Synthetic turf fields for older children that use tire rubber have been growing despite health concerns, but its use for toddlers' playgrounds seems unconscionable. Children with light body weights are more vulnerable to the negative effects of the materials.
The Environmental Protection Agency released a limited study on the product in 2009, which found it safe. While the agency has backed off endorsing the product as healthy, it has no plans to do further research.
The New Haven-based organization Environment and Human Health Inc. wants the EPA to do more research on the product.
"Environment and Human Health Inc. feels it is very important that it (EPA) continue to pursue the issue of toxic ground-up rubber tires being placed in toddlers playgrounds," Nancy Alderman, president of the organization, wrote to the EPA in a recent email. "It must stop."
EHHI, which has been pushing for a moratorium on the use of the rubber products until more study is done, did its own research on the rubber tire mulch.
In one set of experiments, the organization tested the chemicals released from the tire crumbs used for playground "in-fill" and commercial rubber mulch. Ten metals were leached from the samples of tire crumbs and tire mulch in the first experiment.

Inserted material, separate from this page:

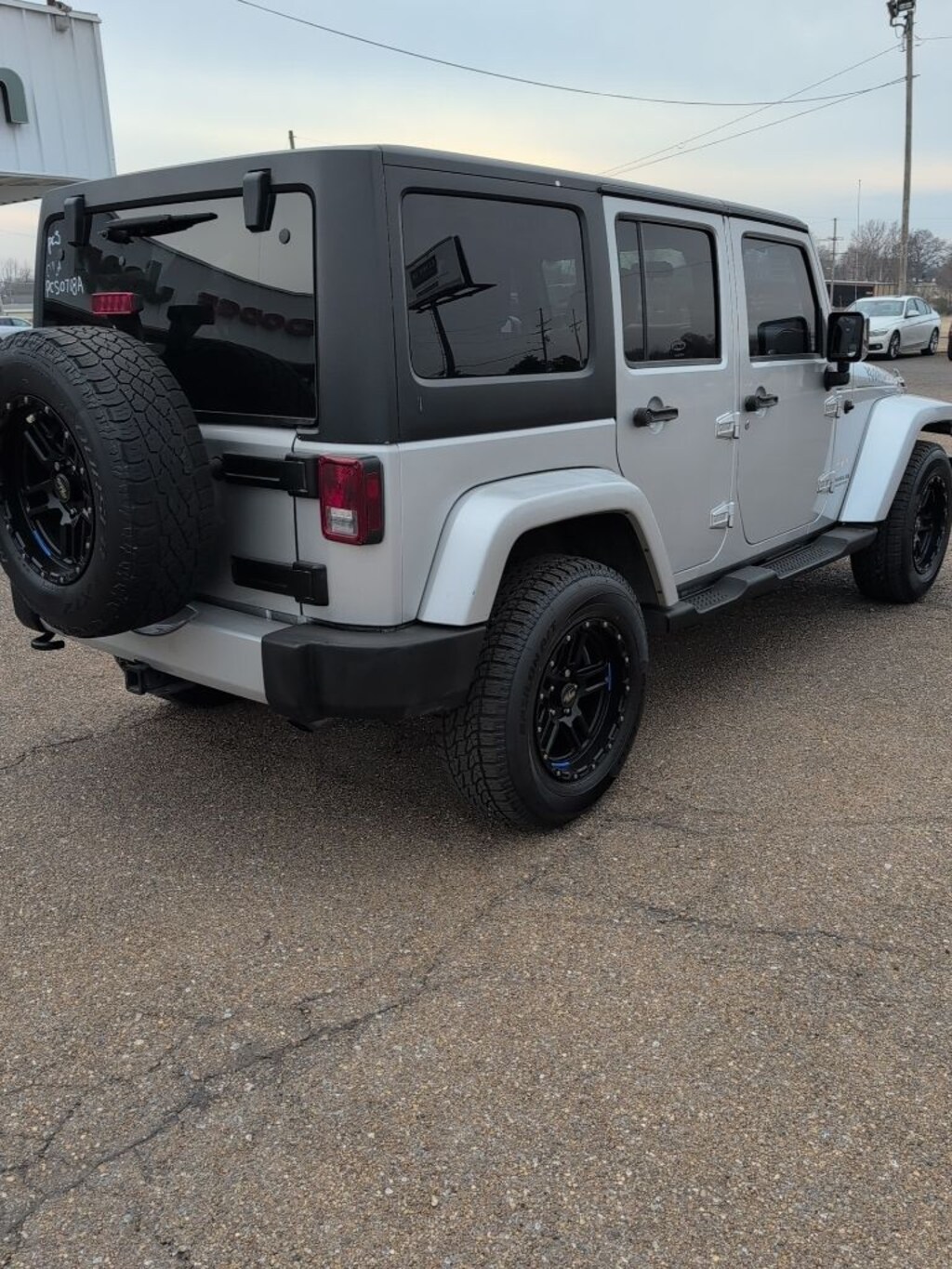 Used 2012 Jeep Wrangler Unlimited Sahara SUV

In the second experiment, 25 chemical species were identified, with 72 percent to 99 percent certainty in the mass spectrometry and gas chromatography analysis. Nineteen chemicals were identified with more than 90 percent certainty and five with more than 98 percent certainty.

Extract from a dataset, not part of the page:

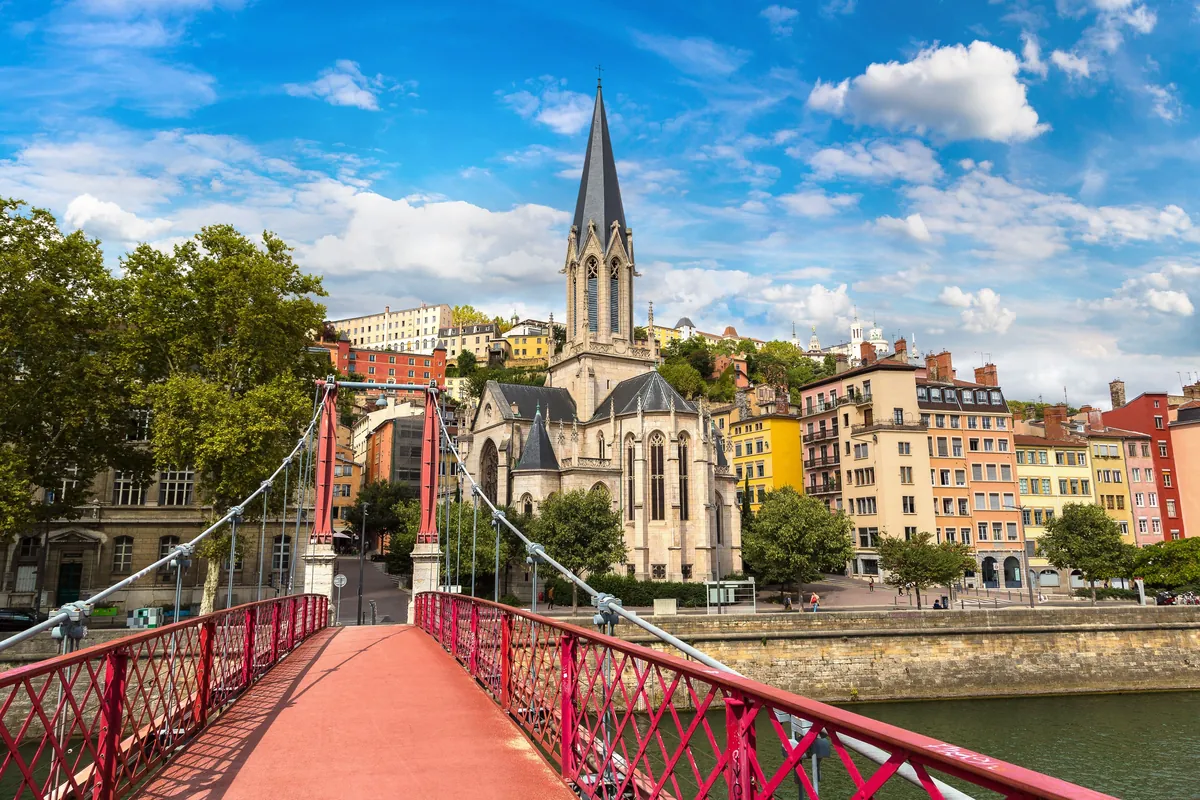 la vieille ville de Lyon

Arguments against the product continue.
Linda Chalker-Scott, extension horticulturist and associate professor of the Puyallup Research and Extension Center at Washington State University, has researched the use of rubber in landscapes.
In her report, she wrote that the EPA said the country generates 290 million scrap tires annually. Because the tires are slow to decompose, it makes the need for innovative uses for them more compelling, she said.
But based on her research, she concluded that "rubber mulch is not as effective as other organic mulch choices in controlling weeds; that it is highly flammable and difficult to extinguish once it is burning; it decomposes; and that it contains a number of metal and organic contaminants with known environmental and/or human health effects."
Chalker-Scott cites research done at Bucknell University, which determined rubber leachate from car tires can kill entire aquatic communities of algae, zooplankton, snails and fish and at lower concentrations; the leachates cause reproductive problems and precancerous lesions in those organisms.
She reports that a similar study exploring the use of tires as artificial reef substrates found rubber leachate to negatively affect the survival of various seaweeds and phytoplankton.
The greatest threat of contamination appears to be to freshwater habitats.
Part of the toxic nature of rubber leachate is due to its mineral content: aluminum, cadmium, chromium, copper, iron, magnesium, manganese, molybdenum, selenium, sulfur and zinc have been identified in the laboratory and in the field.
The Bucknell research found that some of these rubber leachates, in high enough concentrations, are known to be harmful to human health; effects of exposure range from skin and eye irritation to major organ damage and even death.
In addition, long-term exposure could lead to neurological damage, cancer and mutations, she reported.
This clearly is a case where parents must protect their children until the country's regulating authorities address the issue.